Omnigraph describes itself as a lakehouse graph database for context assembly and multi-agent coordination: an operational state layer where fleets of agents read, write, and branch a shared graph. So the fastest way for me to build intuition was not to load example people and friendships. It was to model the one thing agents actually need to coordinate on.

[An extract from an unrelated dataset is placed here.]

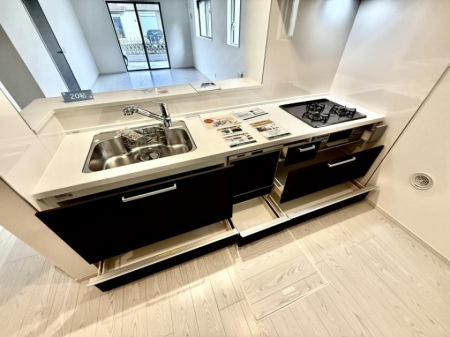 �L�b�`���@�������Ƒ����J��[�߂�A������̂���L�b�`��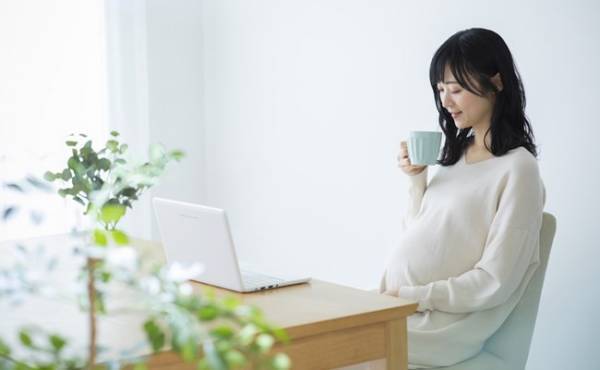 2020年9月に妊娠を発表した芸能人・有名人一覧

The goal isn’t to store chats. It’s to store the state of software development.
The mental model
Imagine you have five agents:
Planner
│
Architect
│
Coder
│
Reviewer
│
Tester
Each agent reads from and writes to the graph. The graph becomes the project’s “brain.”
Instead of files…
Instead of this:
README.md
TODO.md
notes.txt
design.md
bugs.md
Everything becomes entities. For example:
Project
Feature
Task
File
Function
Class
API
Decision
Bug
Test
Commit
PullRequest
Knowledge
Question
First exercise
Let’s pretend we’re building a Todo API. Create this mentally.
Project
Todo API
Then:
Feature
Authentication
CRUD Todos
Search
Labels
Edges:
Project
contains
Feature
Graph:
Todo API
│
├── Authentication
├── CRUD
├── Search
└── Labels
Second layer
Every feature creates Tasks.
Task
Implement JWT
Task
Add login endpoint
Task
Refresh token
Task
Write tests
Edges:
Feature
owns
Task
Graph:
Authentication
│
├── JWT
├── Login
├── Refresh
└── Tests
Third layer
Tasks touch files.
Task
↓
implements
↓
File
Example:
Login endpoint
↓
auth.rs
Now you can ask:
Which tasks modify auth.rs?
Fourth layer
Files contain code.
File
↓
contains
↓
Function
Example:
auth.rs
↓
login()
↓
refresh()
↓
validate_token()
Fifth layer
Now create Decisions. Agents constantly make decisions.
Decision
Use JWT
Reason
Stateless
Alternative
Sessions
Edges:
Decision
affects
Feature
Later another agent can retrieve:
Why are we using JWT?
without rereading conversations.
Sixth layer
Store Bugs.
Bug
Login returns 500
Severity
High
Status
Open
Edges:
Bug
caused_by
Function
login()
Seventh layer
Store Tests.
Test
test_login_success()
covers
login()
Now ask:
Which functions have no tests?
Eighth layer
Store Knowledge. Imagine the Architect discovers:
OAuth tokens expire after 15 minutes.
Store:
Knowledge
OAuth timeout
15 min
source
RFC
Now every future coding agent can retrieve it.
Ninth layer
Store conversations. Instead of raw chat, store:
Question
Should we cache Redis?
↓
Answer
Yes
↓
Reason
Latency reduction
Later:
Decision
depends_on
Question
Tenth layer
Store plans. Planner writes:
Plan
Authentication
↓
Task
↓
Task
↓
Task
Coder consumes Tasks. Tester consumes completed Tasks. Reviewer consumes Pull Requests. Nobody has to reread prompts.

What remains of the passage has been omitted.